Erstmals seit 1974 verliest Königin Elizabeth II. das britische Regierungsprogramm ohne großes Zeremoniell. Inhaltlich dreht sich vieles um den Brexit.
Die Queen's Speech, auf Deutsch Ansprache der Königin, eröffnet in Großbritannien traditionell die Sitzungsperiode des Parlaments. Während einer feierlichen und streng geregelten Zeremonie liest Königin Elizabeth II. auf einem Thron sitzend das Regierungsprogramm vor. Sie hat keinen Einfluss auf den Inhalt dieser Rede, die von der Regierung verfasst wird.
Die Queen's Speech ist die einzige Gelegenheit, bei der Unterhaus, Oberhaus und Monarchin offiziell zusammentreffen. Diesmal ist der Ablauf etwas weniger formell als sonst. Die Königin verzichtet auf die pompöse Kutschfahrt zum Westminster-Parlament und wird stattdessen mit dem Auto zu der Zeremonie gefahren. Statt Krone und feierlicher Robe werde sie einen Hut und ein normales Kleid tragen, teilte der Buckingham-Palast mit. Grund dafür sei die enge zeitliche Abfolge zahlreicher offizieller Termine. Zuletzt hatte es 1974 eine solche weniger formelle Zeremonie gegeben.
Zu den vielen mit der Queen's Speech verbundenen Traditionen gehört, dass das Unterhaus einem Gesandten des Oberhauses die Tür vor der Nase zuschlägt, um seine Unabhängigkeit zu demonstrieren. Die Rede beginnt um 12.30 mitteleuropäischer Zeit und wird von BBC One live übertragen. Im Anschluss an die Queen's Speech diskutiert das Parlament in der Regel mehrere Tage über ihren Inhalt und stimmt schließlich ab.

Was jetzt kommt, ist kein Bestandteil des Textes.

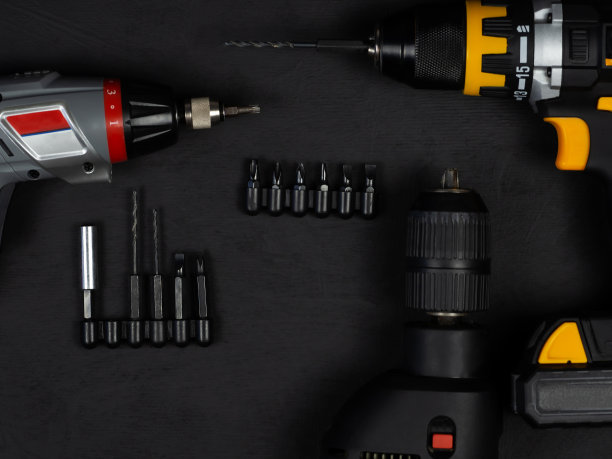 无绳、无绳和常规钻-带钻的螺丝刀。构造工具集。黑色背景。产品维修。专业维修设备。图片下载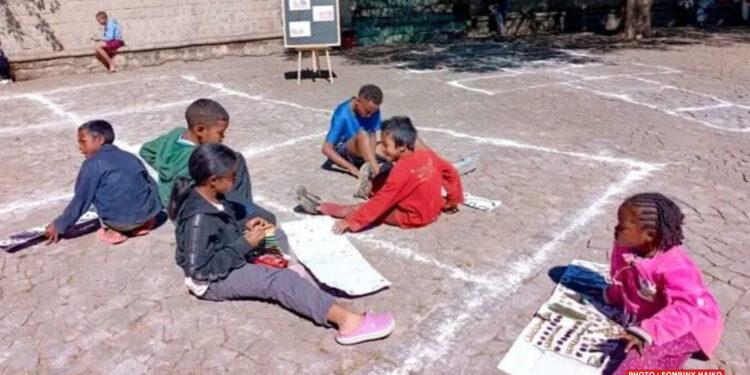ÉVÉNEMENT – Deux jours au jardin d&rsquo;Antaninarenina pour faire redécouvrir aux enfants les jeux traditionnels malgaches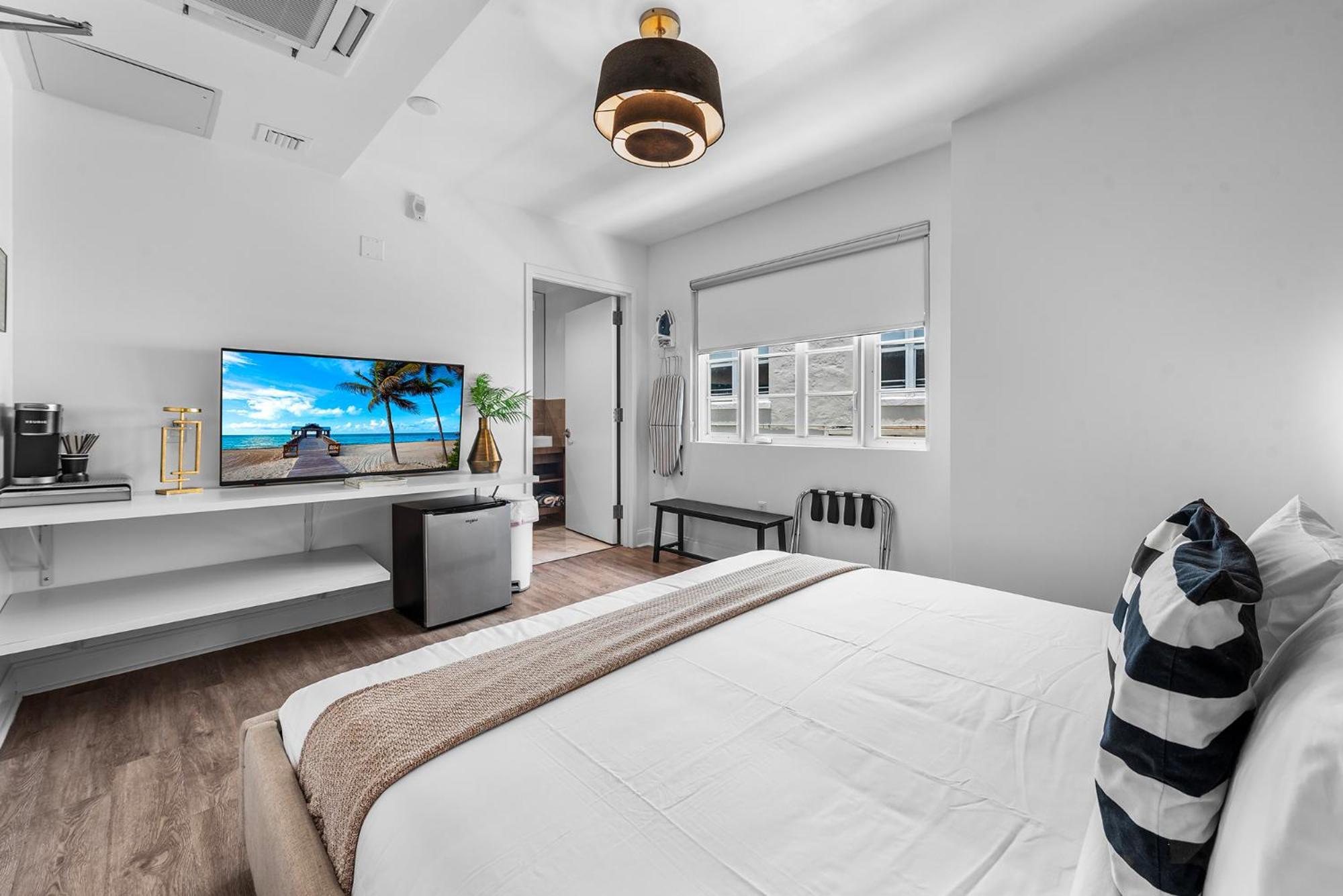 Luxuri Suites 마이애미 비치 외부 사진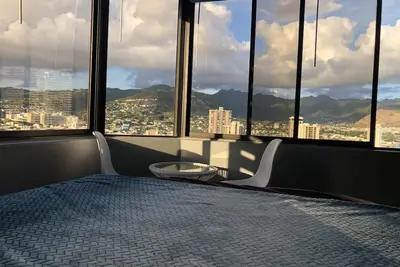 Image de Waikiki studio, panoramic view, lots of amenities, 10 min walk to the beach!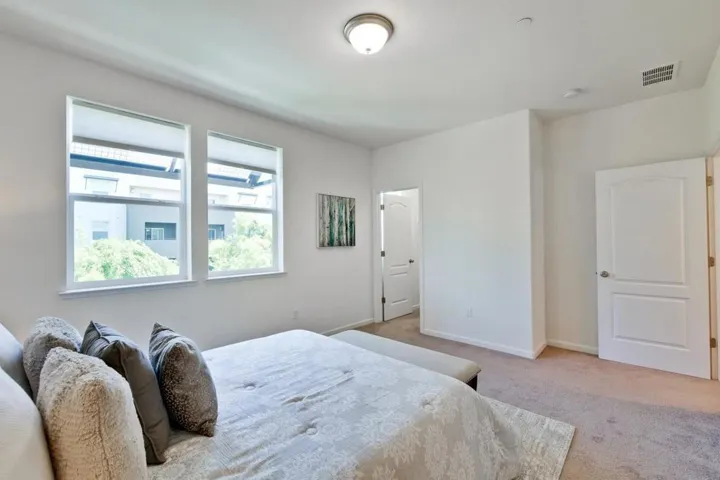 61 Montecito Vista Drive 4, San Jose, California 95111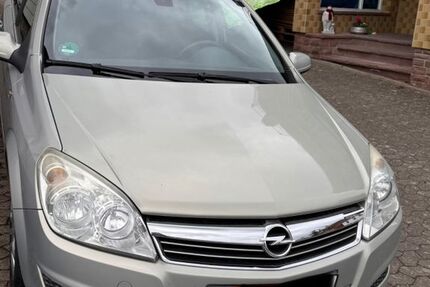 Opel Astra 136.095 km 3.500 &euro; Kirchbrak 37619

Die Regierung hat die nächstjährige Queen's Speech bereits abgesagt, denn das heute verlesene Programm ist auf zwei Jahre ausgelegt. Inhaltlich wird sich vieles um den Brexit, den Aussteig Großbritanniens aus der EU, drehen. Im Zentrum dabei steht die "Great Repeal Bill", die ein Gesetz aus dem Jahr 1972 wiederrufen soll, das etwa die Gerichtsbarkeit des Europäischen Gerichtshof regelt. Manche EU-Gesetze müssen allerdings auch ins britische Gesetz übertragen werden, um weiterhin Gültigkeit zu haben. Premierministerin Theresa May kündigte eine Rede an, die sich darum drehe, die Chancen zu ergreifen, die vor dem Vereinten Königreich liegen, wenn es die EU verlässt.
"Hung Parliament"
In diesem Jahr ist die Abstimmung über die Queen's Speech eine besonders harte Nagelprobe. Denn die Wahl am 8. Juni hat ein "hung parliament" - ein "Parlament in der Schwebe" - hervorgebracht, in dem keine Partei eine absolute Mehrheit hat.
Rein rechnerisch braucht eine Regierung mindestens 326 der 650 Sitze im Parlament. In der Praxis sieht das aber anders aus. Die nordirisch-republikanische Sinn Fein hat 7 Sitze gewonnen, schickt jedoch traditionell keine Abgeordneten nach London. Also reichen schon weniger Mandate als die genaue Hälfte der Sitze für eine "Arbeits-Mehrheit" aus.
Die Konservativen von Premierministerin Theresa May kamen nur auf 318 Sitze. Deshalb wollen sie nun mit der Unterstützung der 10 nordirischen DUP-Abgeordneten eine Minderheitsregierung führen.
Diese Abstimmung über das Regierungsprogramm ist de facto eine Vertrauensabstimmung für die neue Regierung. Sollte sie scheitern, hätte die Gegenseite - also Jeremy Corbyns Labour-Partei - das Recht auf den nächsten Versuch.